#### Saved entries

=== Begin Enclosure ===

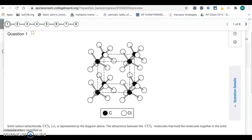Here's the answer key for the 3.1 to 3.3 quiz. Question one: we have a solid carbon tetrachloride CCl4 representing the diagram above. The attractions between the CCl4 molecules that hold the molecules together in the solid state are best identified as...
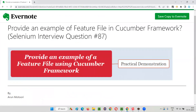So I hope you have seen the example of the feature file that is used in one of the Cucumber frameworks. As part of this practical demonstration, I hope you will be able to answer this question in interviews. That's all for this session. Thank you. Bye.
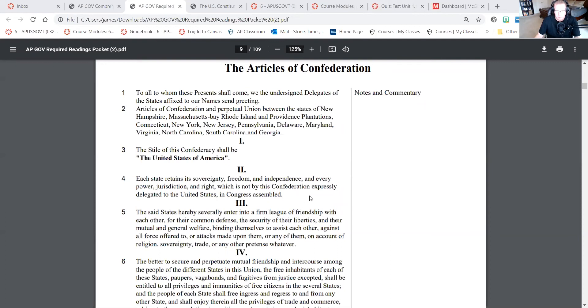The thing that caused the Articles of Confederation to fail — most noteworthy — was Shay's Rebellion, which was a tax revolt, and there was no military to put it down. That's when the Constitutional Convention met and they decided to change everything. If you just focus on centralized versus decentralized power, power is much more centralized under the Constitution. We had a new form of government — federalism — where you have a national government and state governments together.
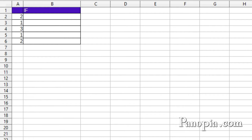Next is the IF function. The IF function is often used in combination with the AND and OR functions. It has three parameters. In its first parameter, the IF function takes a boolean value. If the value is true, it executes the second parameter. If the value is false, it executes the third.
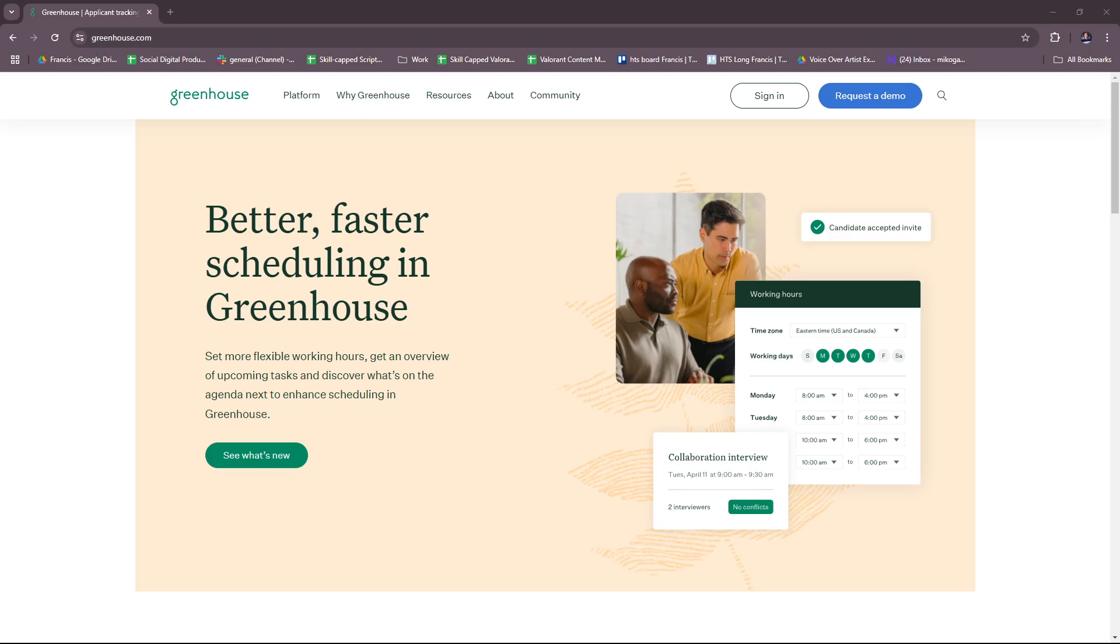Hello everyone, in today's video I'm going to show you an overview of Greenhouse HR. This video will have everything you need to know before you get started with recruitment management using Greenhouse HR. So without further ado, let's dive right into their website.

=== End Enclosure ===

#### What to work on
Make an exact copy of the data, leaving its pictures out.

#### Written response
Here's the answer key for the 3.1 to 3.3 quiz. Question one: we have a solid carbon tetrachloride CCl4 representing the diagram above. The attractions between the CCl4 molecules that hold the molecules together in the solid state are best identified as...
So I hope you have seen the example of the feature file that is used in one of the Cucumber frameworks. As part of this practical demonstration, I hope you will be able to answer this question in interviews. That's all for this session. Thank you. Bye.
The thing that caused the Articles of Confederation to fail — most noteworthy — was Shay's Rebellion, which was a tax revolt, and there was no military to put it down. That's when the Constitutional Convention met and they decided to change everything. If you just focus on centralized versus decentralized power, power is much more centralized under the Constitution. We had a new form of government — federalism — where you have a national government and state governments together.
Next is the IF function. The IF function is often used in combination with the AND and OR functions. It has three parameters. In its first parameter, the IF function takes a boolean value. If the value is true, it executes the second parameter. If the value is false, it executes the third.
Hello everyone, in today's video I'm going to show you an overview of Greenhouse HR. This video will have everything you need to know before you get started with recruitment management using Greenhouse HR. So without further ado, let's dive right into their website.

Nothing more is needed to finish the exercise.